→ **Exercise objective**: Transcribe the whole listing below. Pictures do not go in the copy.

→ **Input data**:
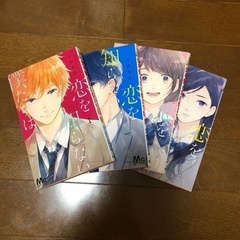 恋を知らない僕たちは 1〜4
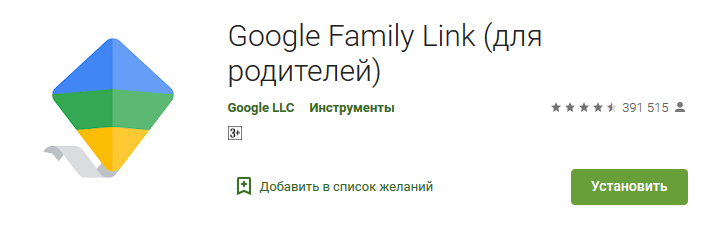 Google Family Link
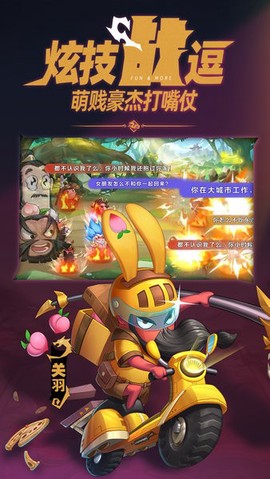 沙雕三国图1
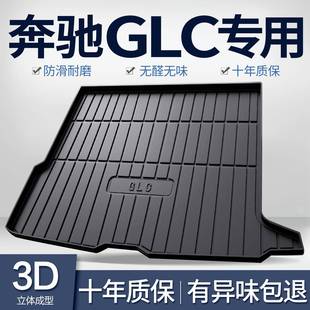 配件后尾箱垫 饰用品汽车内饰改装 适用奔驰GLC260L 300L后备箱垫装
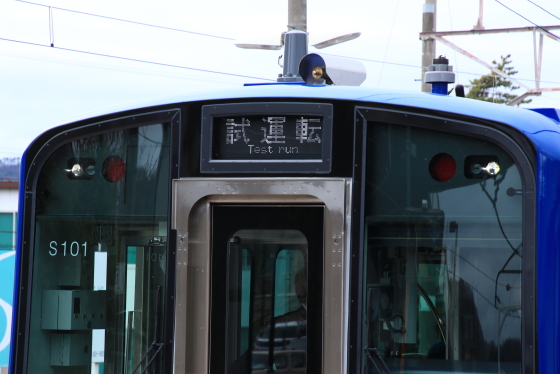 f:id:hyama5071:20200401213947j:plain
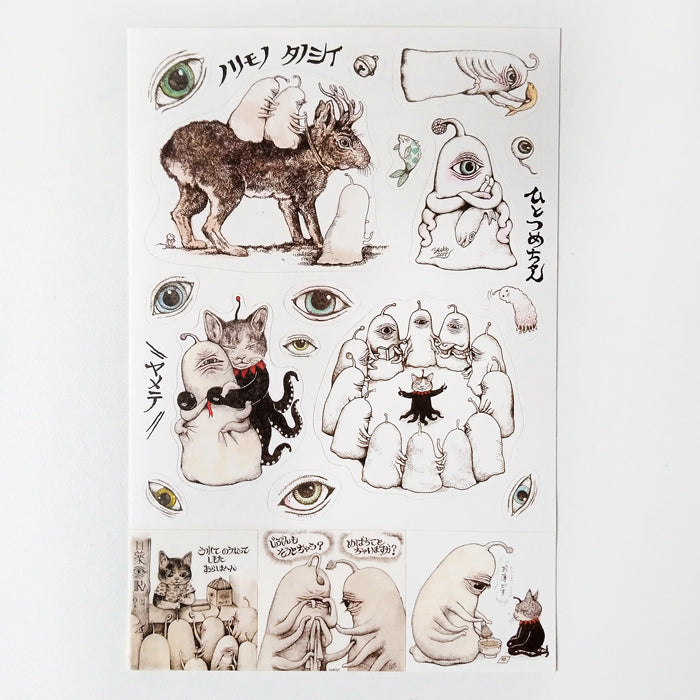 YUKO HIGUCHI STICKER SHEETS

→ **Answer section**:
 恋を知らない僕たちは 1〜4
 Google Family Link
 沙雕三国图1
 配件后尾箱垫 饰用品汽车内饰改装 适用奔驰GLC260L 300L后备箱垫装
 f:id:hyama5071:20200401213947j:plain
 YUKO HIGUCHI STICKER SHEETS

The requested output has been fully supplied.